YOUR INSTRUCTIONS: Exactly the lines below, starting with the one containing "605 NW Crestview Ct, Ankeny, IA 50023" and going on through the one containing "2013 BMW 528 I photo 3", must be reproduced, both ends included, and no pictures with them.

EXTRACTED ENTRIES:
........

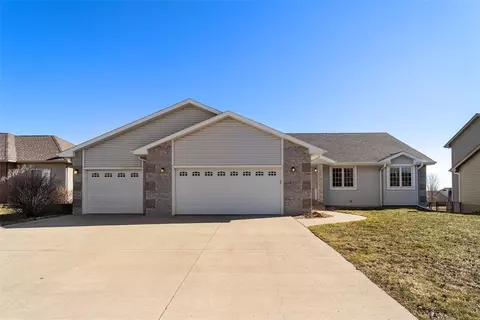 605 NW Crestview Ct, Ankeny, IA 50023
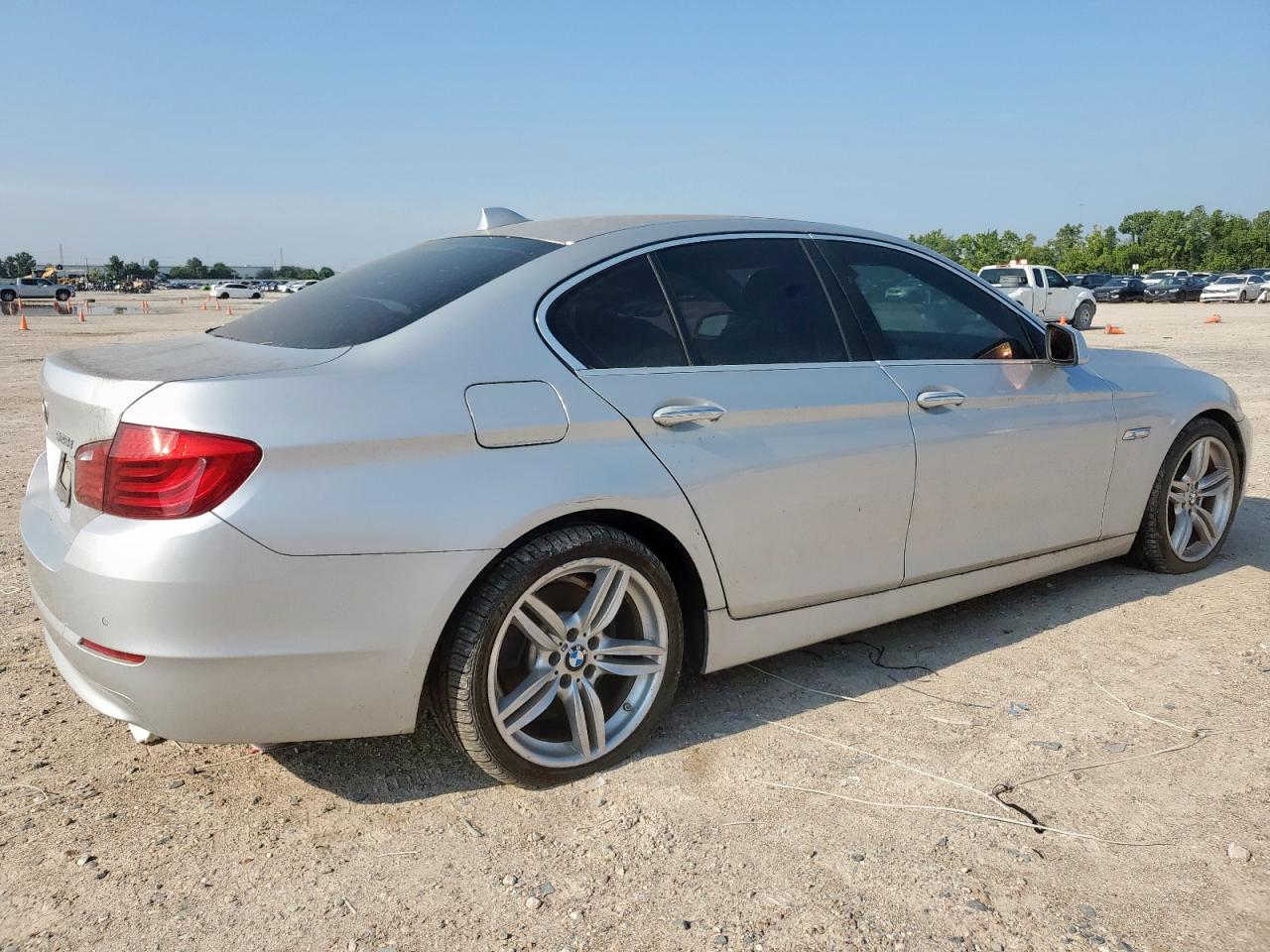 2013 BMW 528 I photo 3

........

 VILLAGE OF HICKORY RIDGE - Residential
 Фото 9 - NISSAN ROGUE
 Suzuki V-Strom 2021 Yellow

........

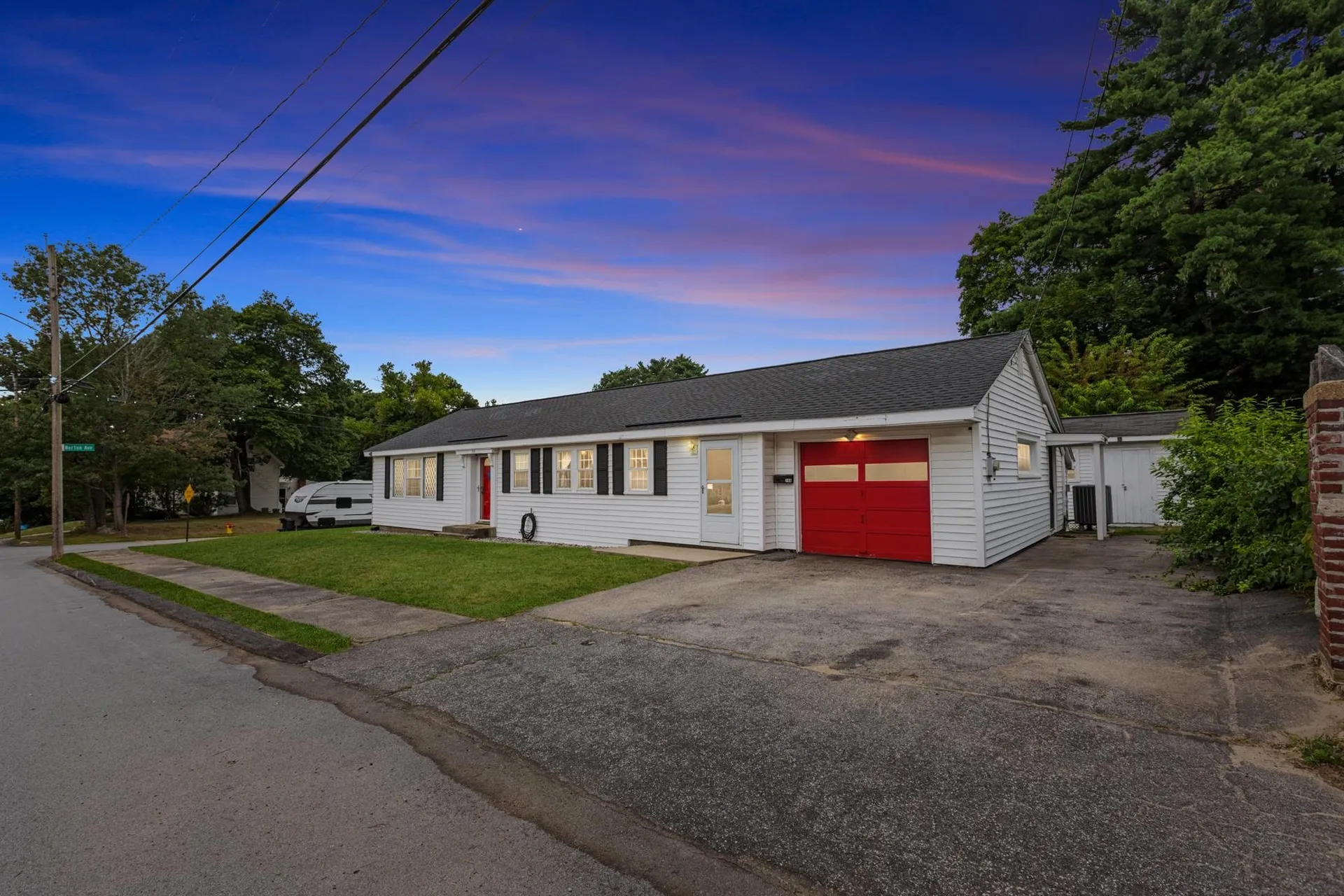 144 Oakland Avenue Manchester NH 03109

........

REPLY:
 605 NW Crestview Ct, Ankeny, IA 50023
 2013 BMW 528 I photo 3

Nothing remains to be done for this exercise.